| Issue |
179390
|
| Summary |
LOCK CMPXCHG16B only inlined for std::atomic<T> when alignof(T)==16 with libstdc++, even though atomic<T> aligns itself.
|
| Labels |
new issue
|
| Assignees |
|
| Reporter |
pcordes
|
```
#include <atomic>
#include <cstdint>
struct Foo {
// alignas(16) ////////// Without this, clang + libstdc++ won't inline lock cmpxchg16b
std::uint64_t tick = 0;
std::uint64_t tock = 0;
};
std::atomic<Foo> global_var;
void foo() {
Foo foo = {0, 42};
global_var.compare_exchange_strong(foo, Foo{}, std::memory_order_relaxed);
}
```
https://godbolt.org/z/PsWqqvGqT
With the default libstdc++ on GNU/Linux, clang++ -O3 (trunk or 21.1) compiles this to a call to `__atomic_compare_exchange`, even with `-O3 -mcx16 -mavx`. It does still inline load/store as `vmovaps` which of course requires 16-byte alignment to not fault, and `alignof(atomic<Foo>) == 16` so libstdc++ must be using alignas internally somehow.
With libc++, or uncommenting `alignas(16)`, the CAS inlines as `lock cmpxchg16b` as expected, with the same compilers and options.
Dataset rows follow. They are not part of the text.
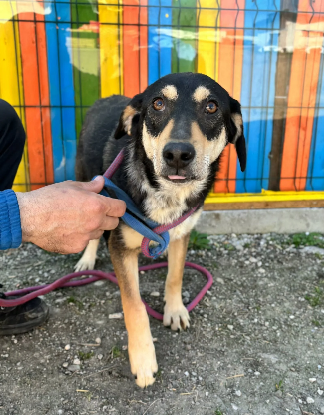 Adopter Tinky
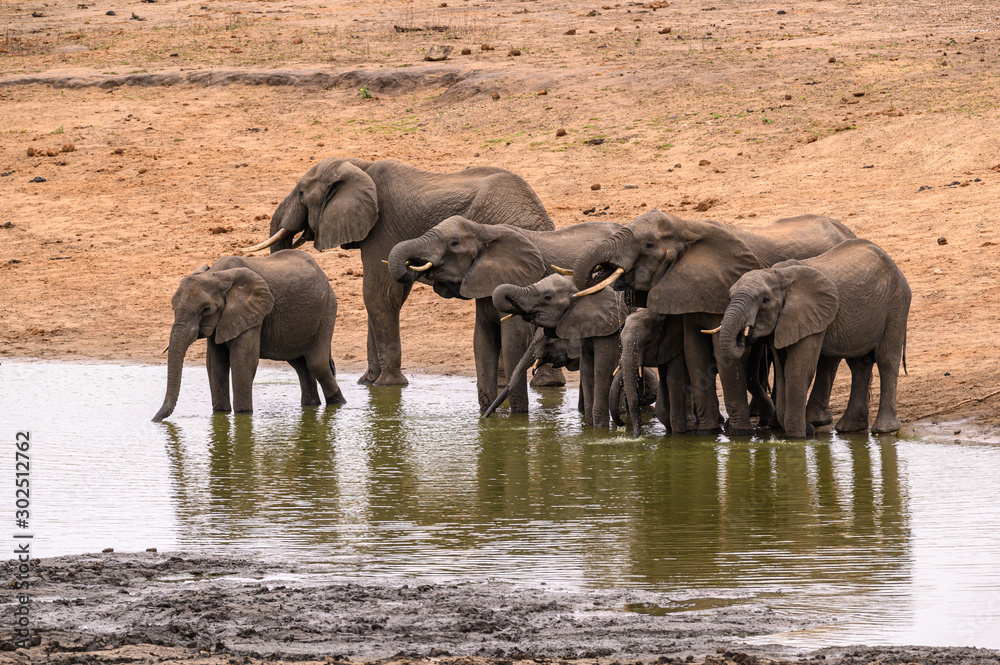 Fototapeta premium African elephant herd lifting their trunks in unison while drinking at a dam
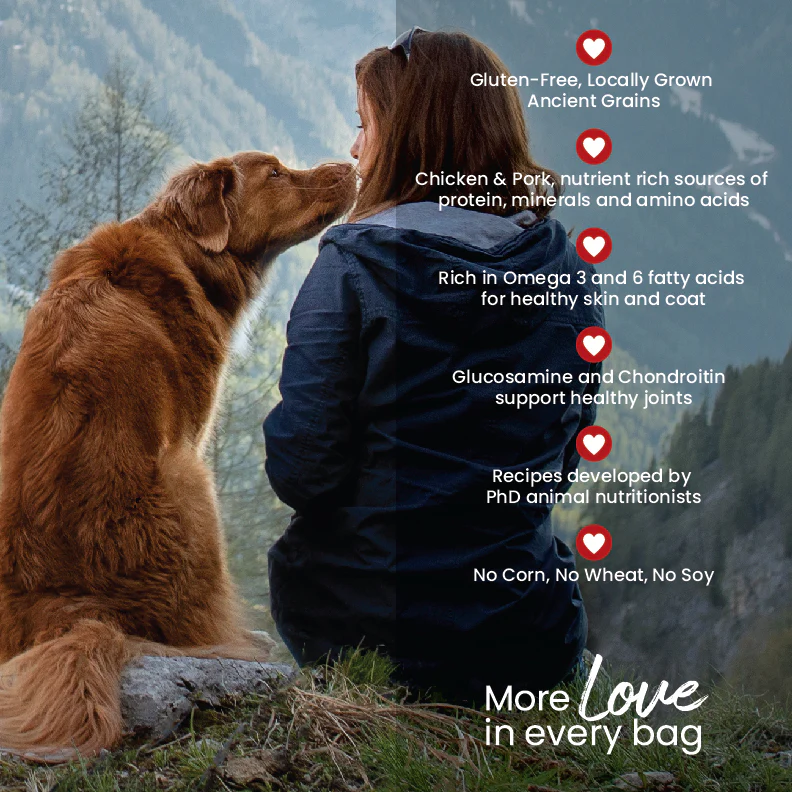 Ancient Grains Recipe with Chicken & Pork Dog Food - Image 4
I don't know what libstdc++ does differently which breaks things.
ICX 2025.3.1 on Godbolt has the same behaviour, only inlining `lock cmpxchg16b` with the base struct being 16-byte aligned.
I also tested clang 20.1.8 on my own desktop to make sure it's not just something weird with Godbolt's libstdc++ install. Same lack of inlining unless I manually align the 16-byte type.
Reproducible on Clang as old as 3.5. Before that CAS doesn't inline even with alignas(16). And with any `-std=c++11` to 23.
Given that alignment guarantee, we know that `lock cmpxchg16b` definitely won't cause a system-wide bus lock, so inlining it for RMW ops is a good thing.